The book tells the tale of how Morales made her way after her arrival in Spain, where she was baptized as the "Voice of the Tropic", until her successful career waned through the years..

Marquetti says she likes to talk about success, but also about the setbacks that musicians suffer in their lives, such as the creation of Batanga rhythm by that great pianist, composer and orchestrator Bebo Valdes (1918-2013).

Batanga is a genre considered by musicians as a creation as important as Mambo, but lacked the commercial support in its time to become an international hit. “Nonetheless, it is musically one of the greatest Valdes’ works, the musicologist pointed out.

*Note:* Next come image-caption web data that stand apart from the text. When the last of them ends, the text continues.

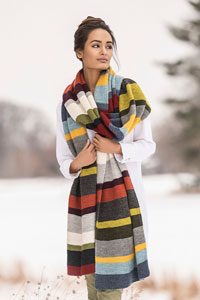 Blue Sky Fibers Traveler's Series Patterns - 14 Color Woolstok Light Wrap - PDF DOWNLOAD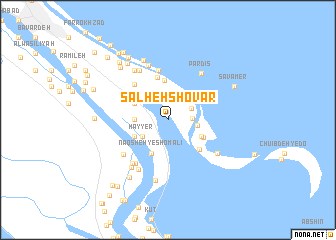 map of Salheh Shovār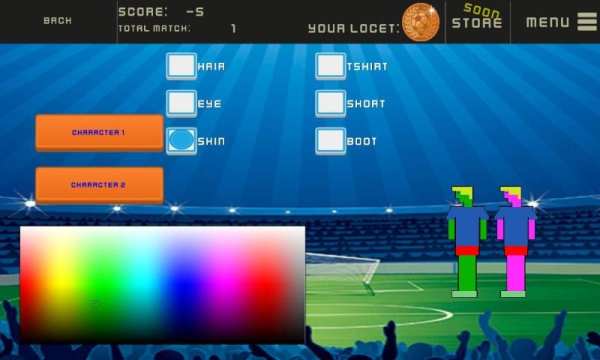 Cartoon Soccer Physics screenshot 4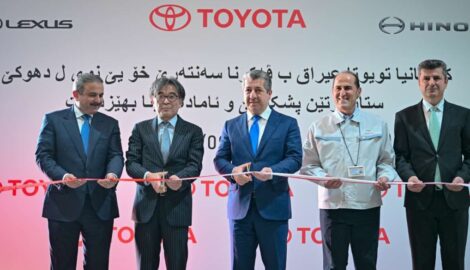 Premierminister Barzani weiht Toyota-Service-Center in Duhok ein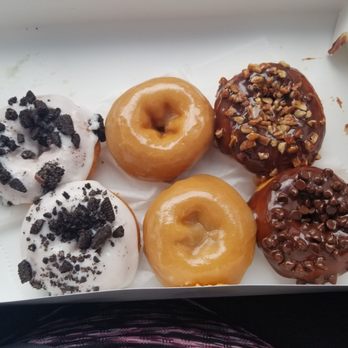 Donna's Delicious Dozen - Oreo donut, Maple glazed. Choco chip, Turtle - Donuts Near Me - Columbus, Ohio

In fact, Valdes, who left Cuba for good in 1960, was practically anonymous until 2002. In that year, he was featured with other musicians in an album that was nominated to the Latin Grammy Award. In the same year, he recorded the all-times hit Lagrimas Negras, with cantaor (flamenco singer) Diego el Cigala, selling 700,000 copies.

One of the last chapters of Desmemoriados ... revives Freddy, a powerful voice closely attached to the nightly songs of Salon Rojo cabaret, of Capri Hotel, which for Marquetti was a "musical milestone”, regardless of her chubby "anti-diva" body.

Freddy was immortalized as a great star in the novel Tres tristes tigres, written by Cuban Guillermo Cabrera-Infante.

The author also retrieved La Lupe, an "extraordinary myth" of Cuban show-business, with a "very peculiar" approach to the artist, who monopolized looks with her incredible "performances" in Cuba before her success in New York’s Latin exile.

Marquetti assures that she did not mean to attach priority to feminine referents, which in the book total 11, including one that stirred great curiosity, when she published it on her blog.

"Divina y terrenal" (Divine and earthly) Celeste Mendoza emerges before the reader. She was baptized in her prime as the "Queen of Guaguanco", a musical genre born from rumba, in which she shined, for being the woman who raised it to the greater stages of the island.